Михаил Афанасьевич Булгаков сам часто принимал участие в поиске деталей образов, в разработке мизансцен. Вообще Горчаков не был против такого соавторства с драматургами в ходе самих репетиций. Я видела это на примерах Киршона, Левидова, Алексея Николаевича Толстого. А Михаил Афанасьевич обладал к тому же природными актёрскими данными.
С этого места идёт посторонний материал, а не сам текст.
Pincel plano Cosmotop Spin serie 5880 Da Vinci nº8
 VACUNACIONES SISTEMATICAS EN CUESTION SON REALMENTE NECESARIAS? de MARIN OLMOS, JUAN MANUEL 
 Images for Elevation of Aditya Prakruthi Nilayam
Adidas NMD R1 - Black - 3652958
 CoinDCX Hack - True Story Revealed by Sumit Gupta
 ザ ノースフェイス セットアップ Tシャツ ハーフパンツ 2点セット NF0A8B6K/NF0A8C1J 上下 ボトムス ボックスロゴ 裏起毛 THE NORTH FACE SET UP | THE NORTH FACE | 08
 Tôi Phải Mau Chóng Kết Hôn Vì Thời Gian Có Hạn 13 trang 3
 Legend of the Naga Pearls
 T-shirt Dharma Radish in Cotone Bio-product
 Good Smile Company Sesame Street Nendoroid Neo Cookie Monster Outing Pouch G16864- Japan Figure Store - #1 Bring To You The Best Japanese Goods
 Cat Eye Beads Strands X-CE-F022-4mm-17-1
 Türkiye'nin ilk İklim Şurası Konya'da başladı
Мы познакомились с Булгаковым. В Сатире в тот период репетировали его пьесу «Иван Васильевич». Так что мы встречались и во МХАТе, и в Сатире. Когда у Булгакова было хорошее настроение, он был очаровательный рассказчик и импровизатор. Одна из любимых тем его импровизаций была родословные. Он выдумывал потрясающие родословные для своих знакомых. С моей родословной у него был особый простор для фантазии, так как у меня её просто не было. Детдом и студия. Когда ко мне уж слишком приставали, я отвечала: «Отец – псаломщик, мать – просвирня». И хотя это было чистой правдой, все смеялись, принимая мой ответ за юмор.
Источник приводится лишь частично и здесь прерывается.